I've been aware of the actual Frankfurt School authors and their school of "critical theory" since my undergraduate time. And I've done some additional reading on them in recent years. "Frankfurt School" is shorthand for the Institut für Sozialforschung/Institute for Social Research, which had its first institutional home at the University of Frankfurt. This is the English version of the Institute's history at their website: Ludwig v. Friedeburg, History of the Institute of Social Research (Summary) n/d. It has a bibliography list, including histories of "critical theory" by Martin Jay and Douglass Kellner.

It made some kind of warped sense to me on the surface that far-rightists would pick the Frankfurt School as a bogeyman of multiculturalism. The most prominent figures associated with them were Jewish and they understood themselves as Marxists as well as Freudians. Since the far-right equates even American liberalism with Communism, no amount of actual history would persuade them of a more nuanced picture. But two of the most famous Frankfurt School writers, Franz Neumann and Herbert Marcuse, worked for the US wartime Office of Strategic Services doing intelligence analysis on Germany. And anyone who has read (or attempted to read!) an essay by any of the three core Frankfurt School figures - Theodor Adorno, Max Horkheimer, Marcuse - will seriously doubt whether even the more intellectually inclined among the Christian nationalist crowd have much direct exposure to what they actually wrote.

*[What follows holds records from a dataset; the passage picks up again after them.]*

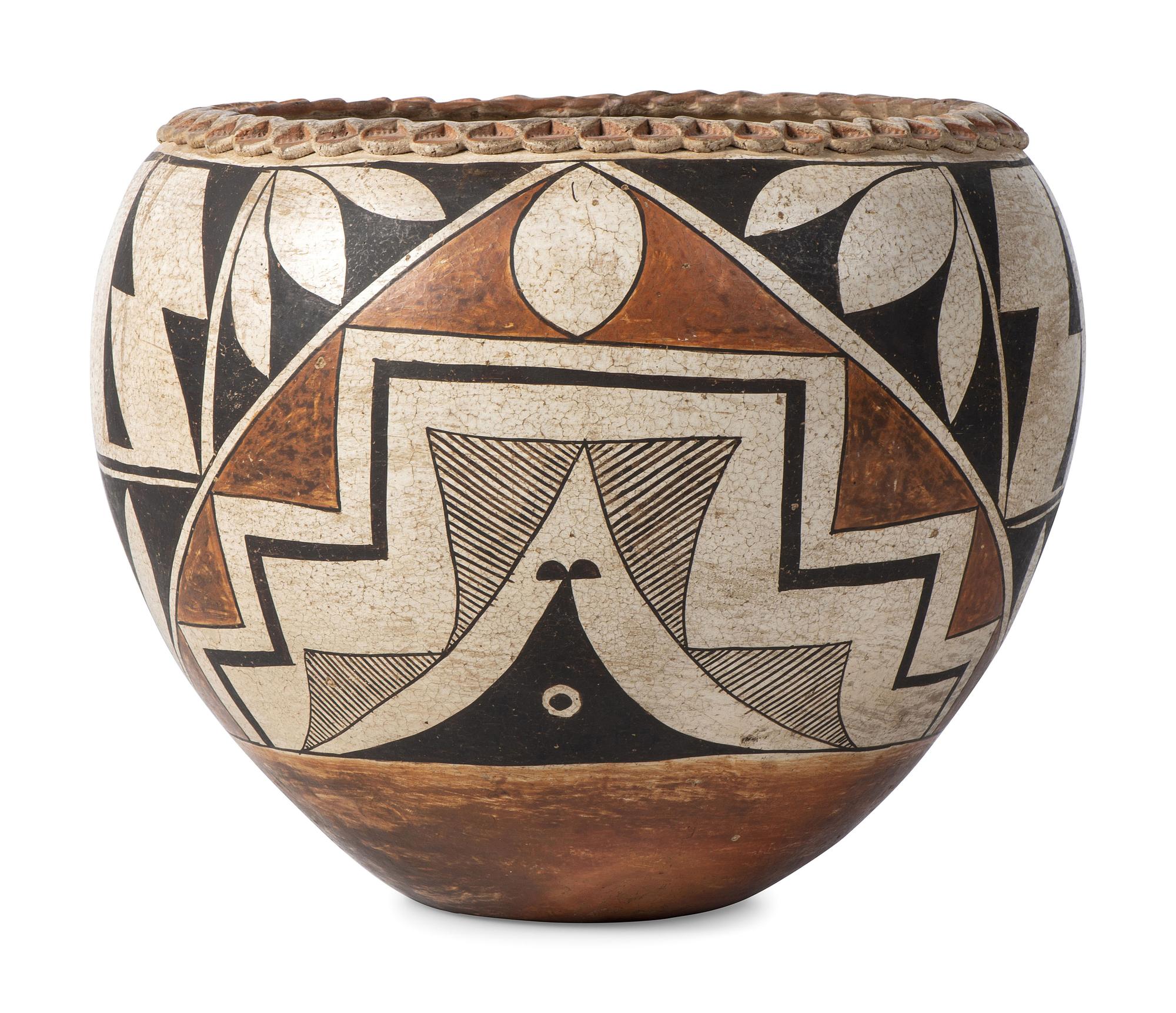 Acoma Pottery Jar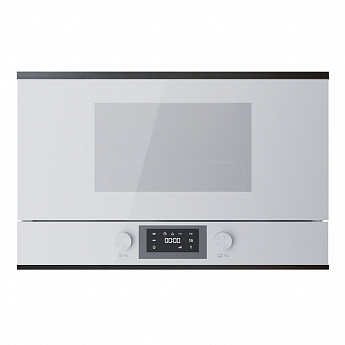 картинка Микроволновая печь встраиваемая Kuppersbusch ML 6330.0 W2  картинка Микроволновая печь встраиваемая Kuppersbusch ML 6330.0 W2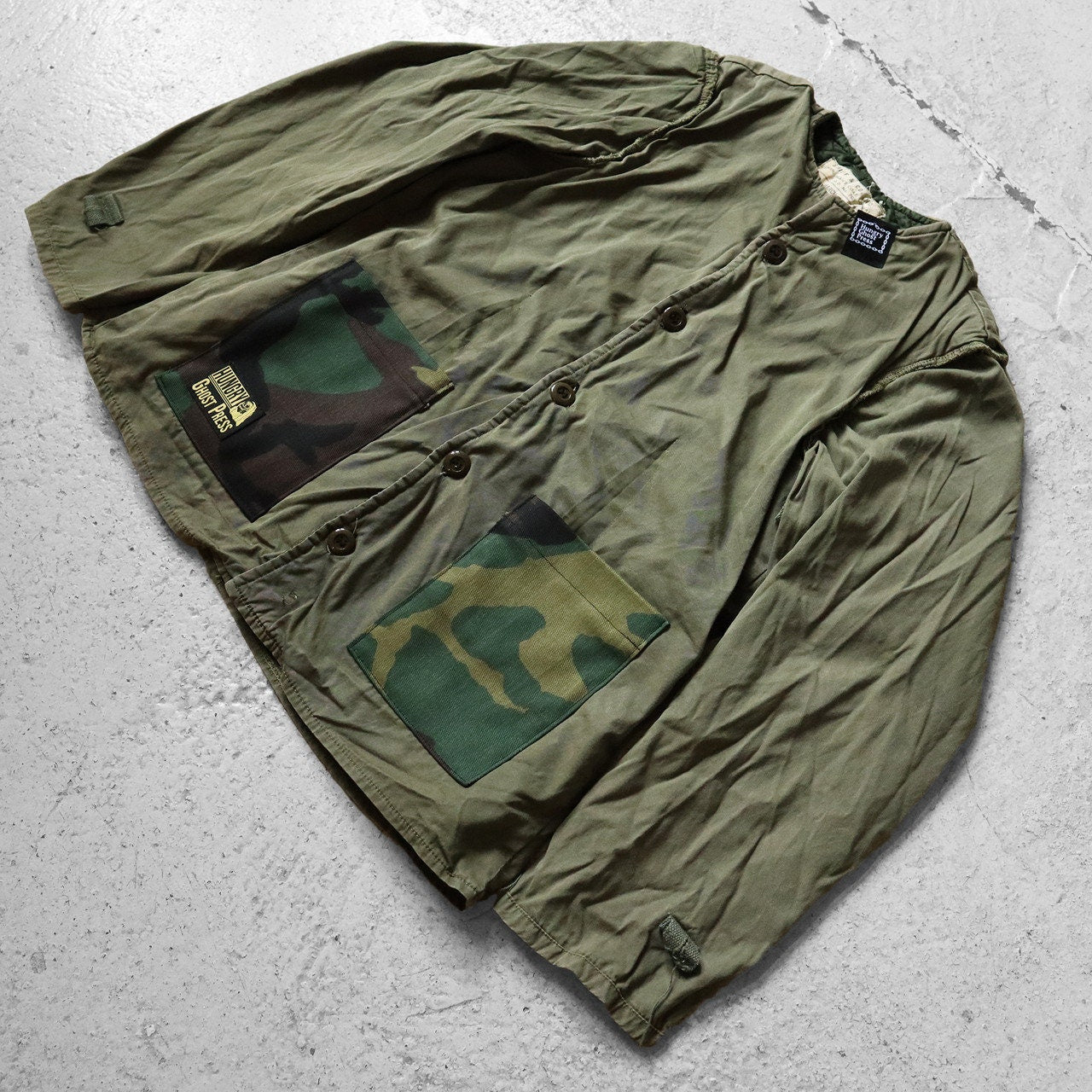 7GS Combat Coat Series 4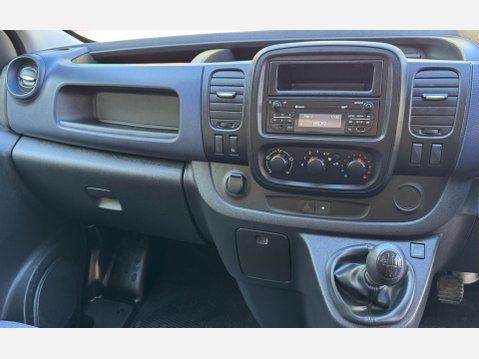 Vauxhall Vivaro 1.6 CDTi 2700 BiTurbo Panel Van 5dr Diesel Manual L1 H1 Euro 6 (s/s) (125 p 29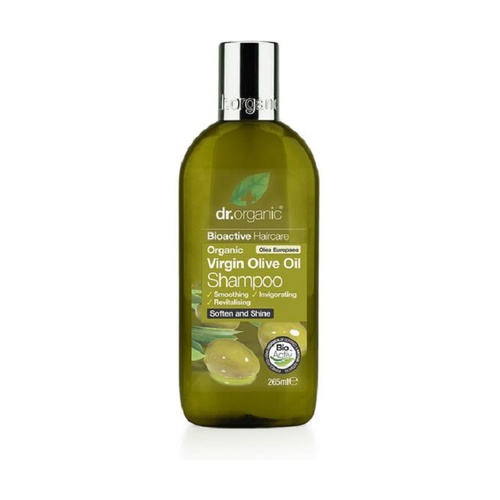 organic olive szampon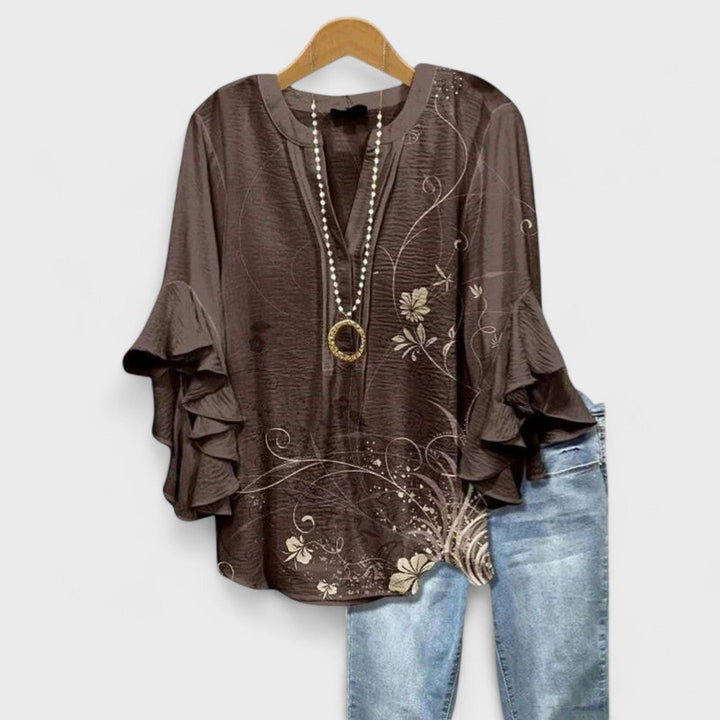 Kay™ | Blusa Ligera para el Día
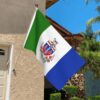 Yukon 2x3ft Poly Flag, Yukon Flag 2x3 ft Polyester Canadian Province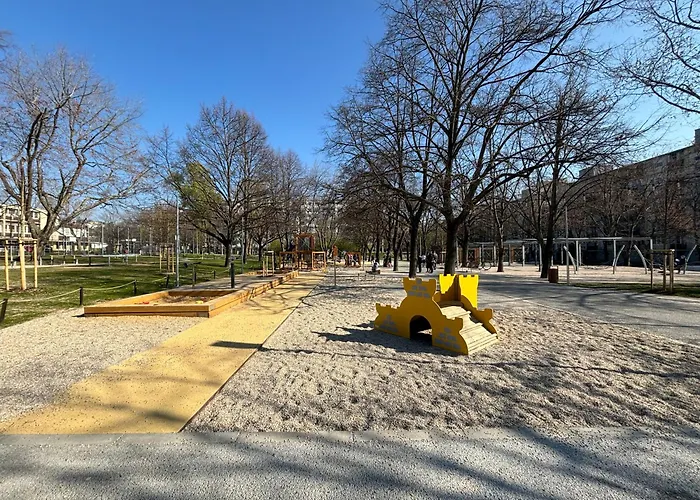 New 2 - Self Check In, Free Parking Διαμέρισμα Μπρατισλάβα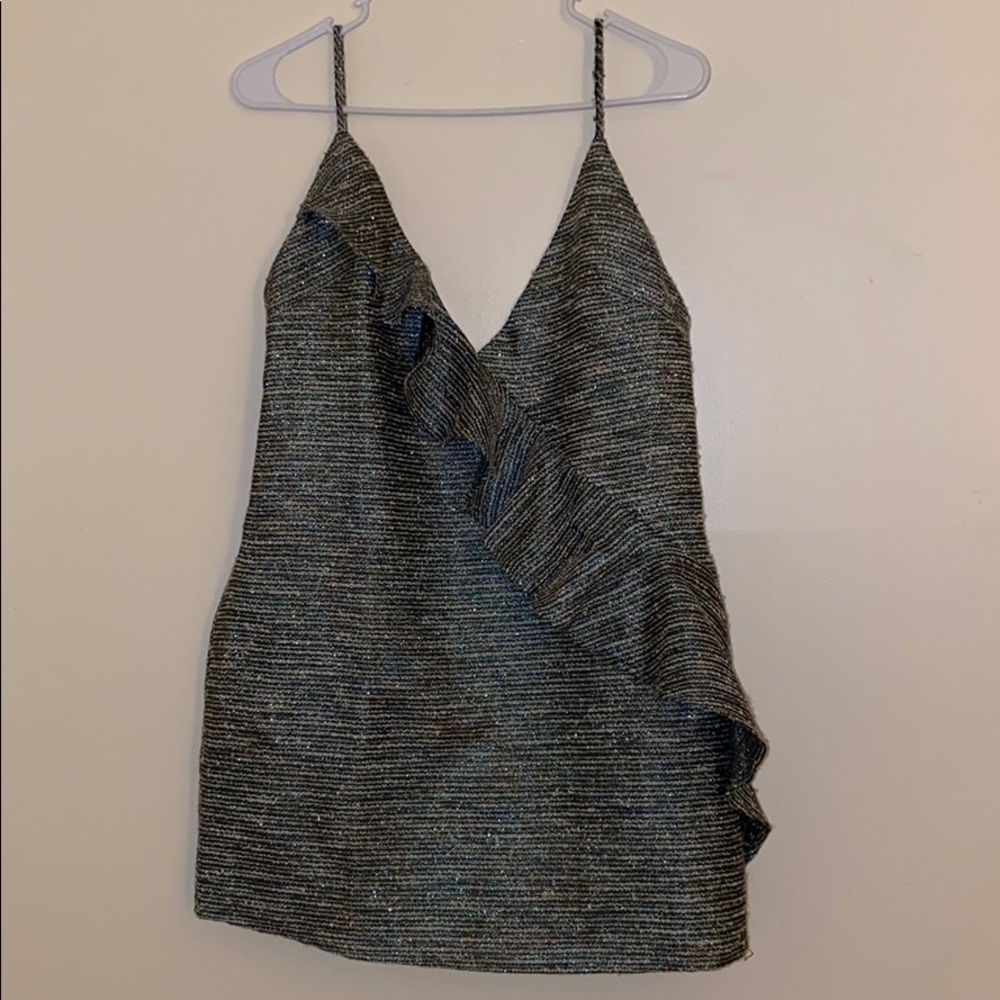 Lovers + friends mini dress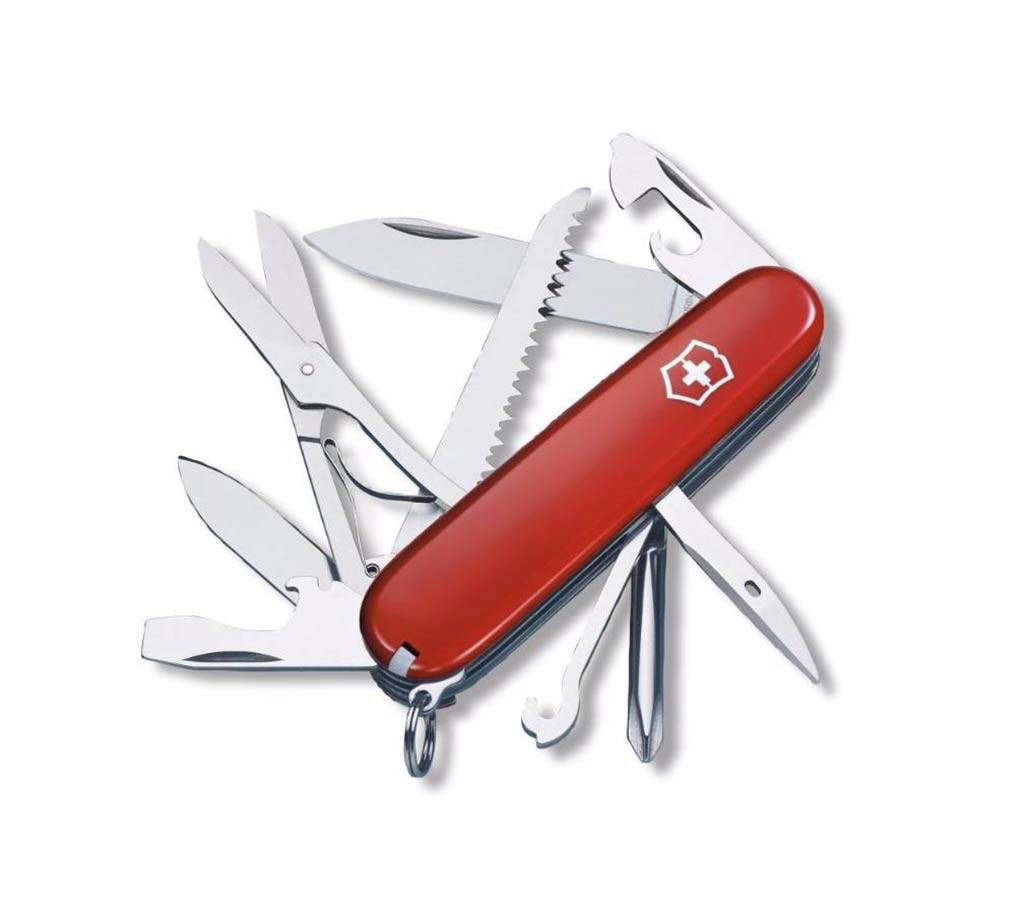 12 in 1 Multifunction Army Knife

Lately I've been reading through the five studies in the "Studies in Prejudice" series, the results of a research project sponsored by the American Jewish Committee and led by Horkheimer, the most famous of which is The Authoritarian Personality. The AJC has made the texts available at their website: Studies in Prejudice Series. Reading through these, it occurred to me that this set of studies may particularly irritate the present-day Radical Right because of its careful analyses of the crackpot right of the 1940s.

Those were Old Right isolationists. But their kindred spirit to the Tea Party of today is readily evident, particularly in Prophets of Deceit: A Study of the Techniques of the American Agitator by Leo Lowenthal and Norbert Guterman. The AJC also has a typed, 4-page report from Lowenthal on a local 1945 meeting of a far-right group called the Christian Front that I found interesting reading. The website doesn't link it directly; you have to search for Leo Lowenthal and look for "Surveillance report on a Christian Front meeting in New York."

Various recent discussions of this include the following.

Ben Alpers, The Frankfurt School, Right-Wing Conspiracy Theories, and American Conservatism US Intellectual History 07/25/2011.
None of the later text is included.